■ **Exercise objective**: The records are to be copied word for word, and the pictures dropped.

■ **Source material**:
--------------------------------------------------
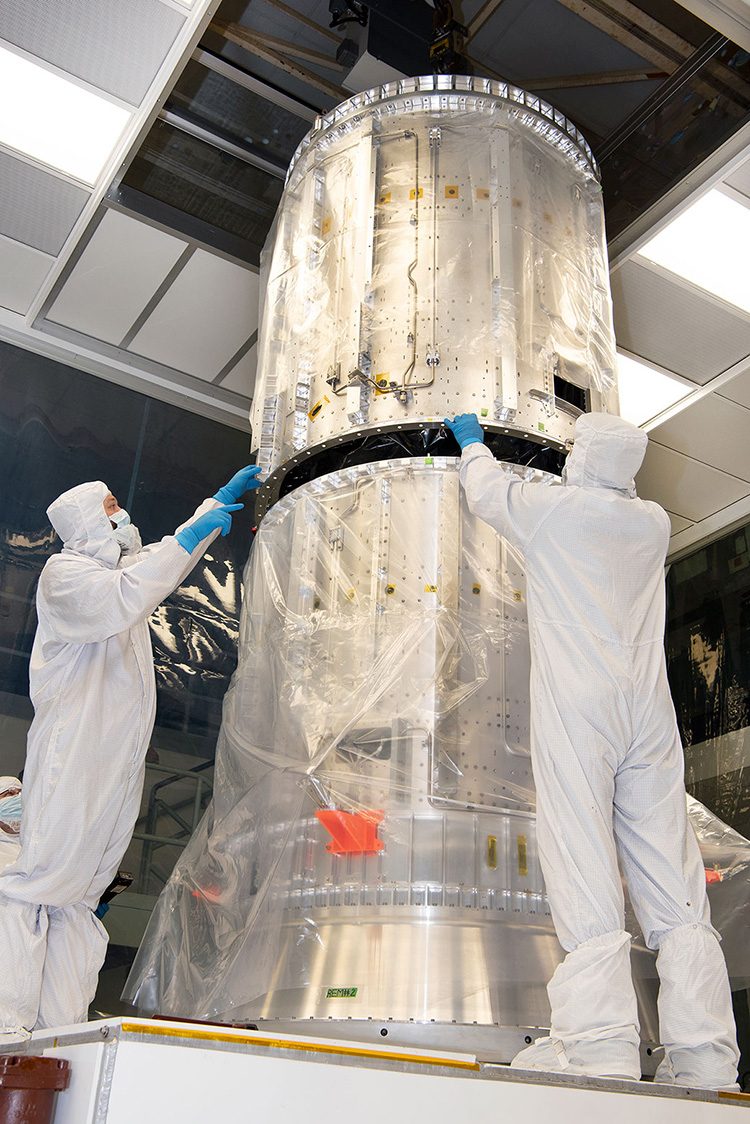 Техники NASA проверяют посадку цилиндров двигательного модуля Europa Clipper 15 октября 2020 года (NASA/Barbara Lambert)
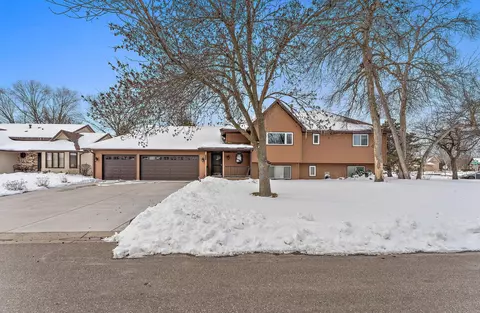 2109 Edinbrook Ct, Brooklyn Park, MN 55443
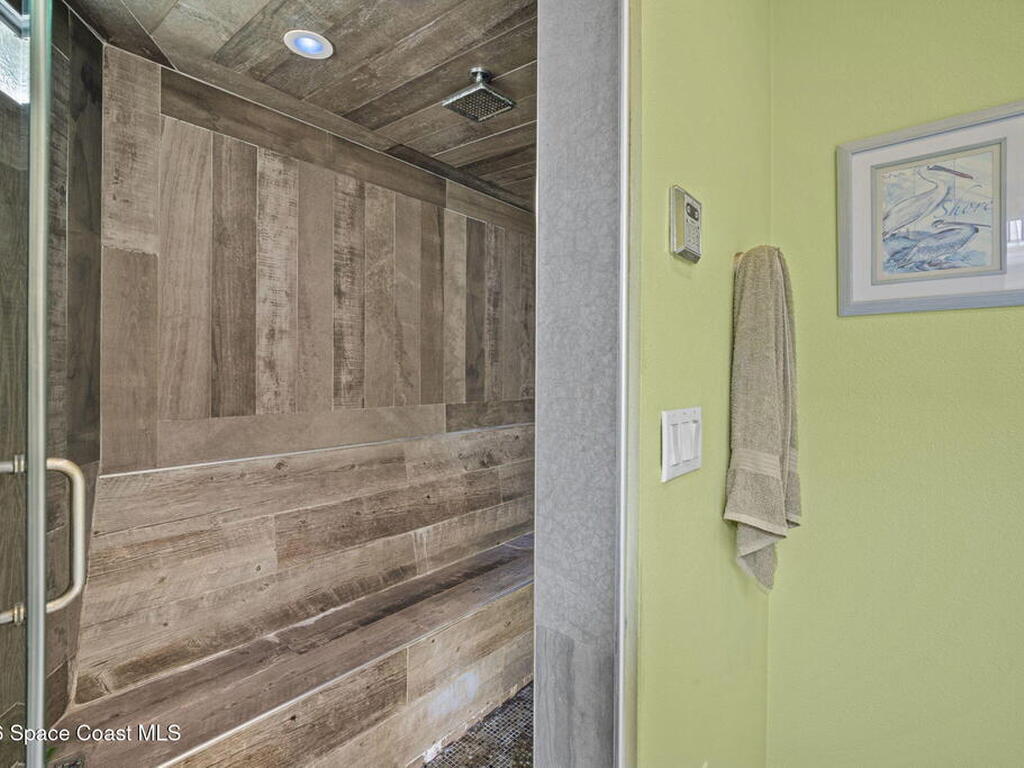 250 Lanternback Island Drive, Satellite Beach, FL 32937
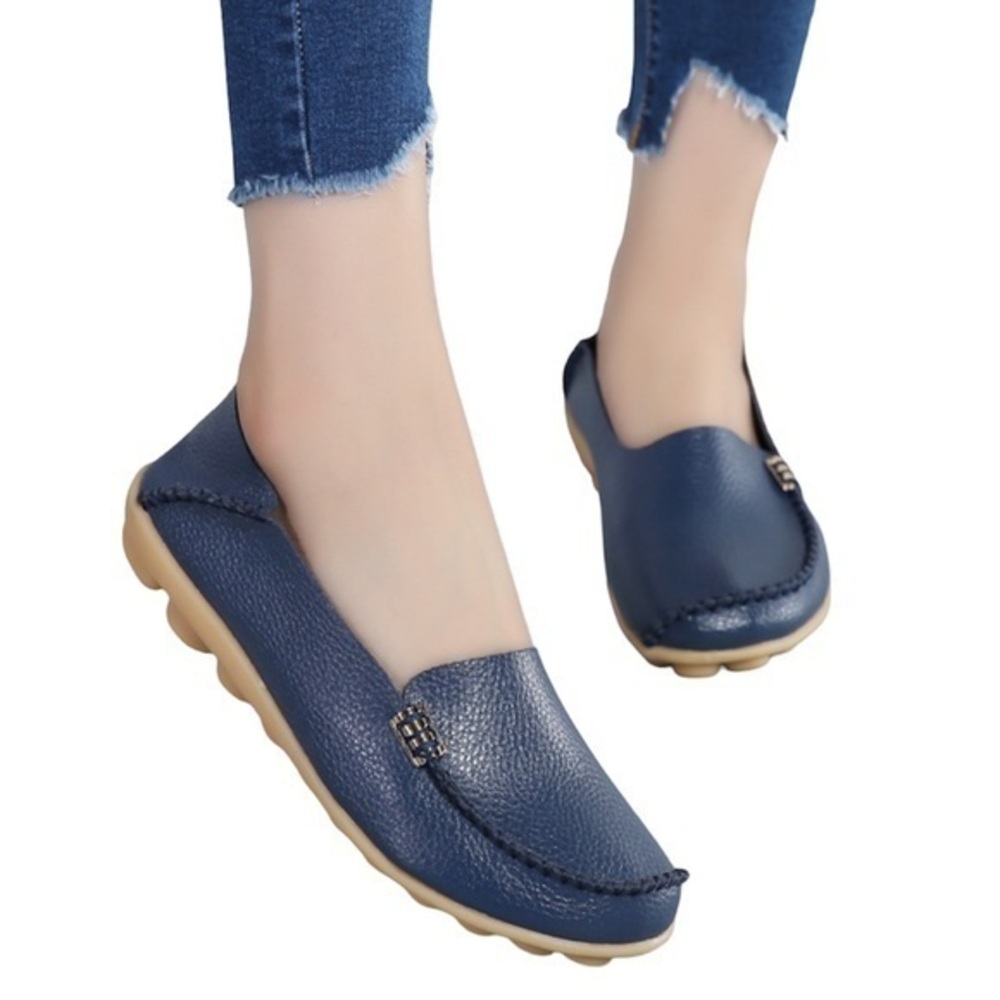 Women’s Leather Moccasins Flats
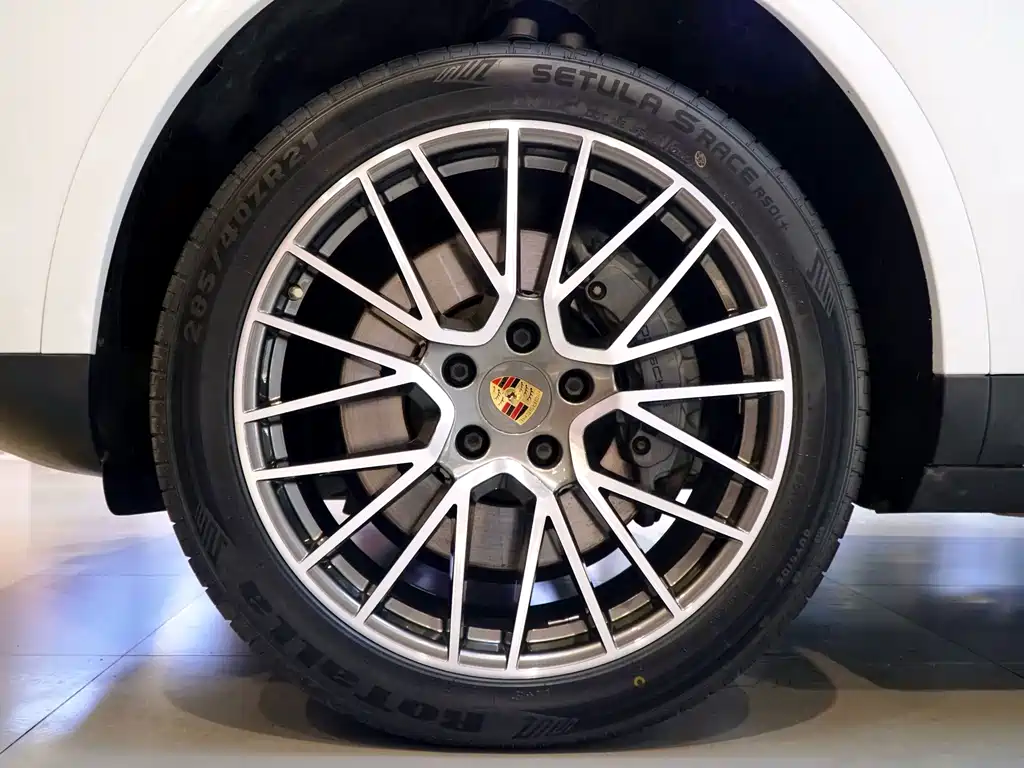 Porsche Cayenne — миниатюра 26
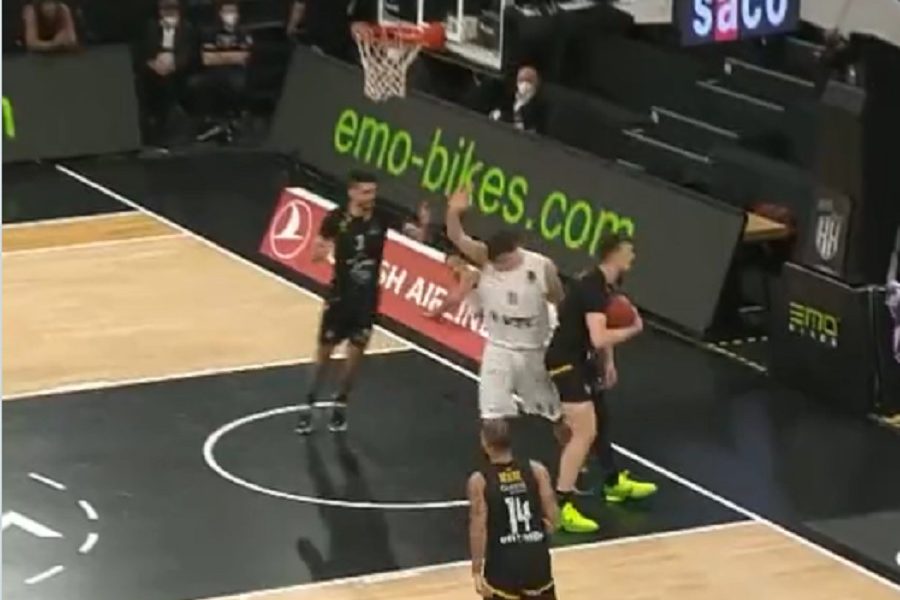 Za sada mu Evrokup nepravilno piše prezime… Ako ovako nastavi, zapamtiće dobro ovog košarkaša Partizana (VIDEO)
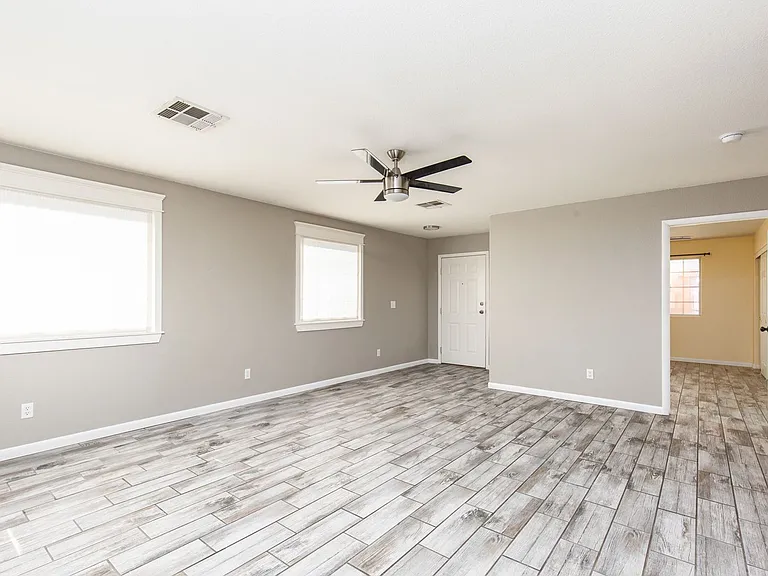 4912 Peaceful Pond Ave — Photo 8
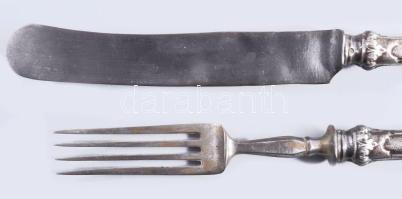 Ezüst (Ag) nyelű 3 darab villa és 3 darab kés, h: 19-21 cm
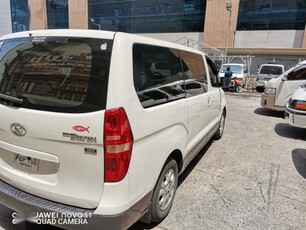 Selling White Hyundai Grand Starex 2011 in Manila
--------------------------------------------------
■ **Answer to this problem**:
 Техники NASA проверяют посадку цилиндров двигательного модуля Europa Clipper 15 октября 2020 года (NASA/Barbara Lambert)
 2109 Edinbrook Ct, Brooklyn Park, MN 55443
 250 Lanternback Island Drive, Satellite Beach, FL 32937
 Women’s Leather Moccasins Flats
 Porsche Cayenne — миниатюра 26
 Za sada mu Evrokup nepravilno piše prezime… Ako ovako nastavi, zapamtiće dobro ovog košarkaša Partizana (VIDEO)
 4912 Peaceful Pond Ave — Photo 8
 Ezüst (Ag) nyelű 3 darab villa és 3 darab kés, h: 19-21 cm
 Selling White Hyundai Grand Starex 2011 in Manila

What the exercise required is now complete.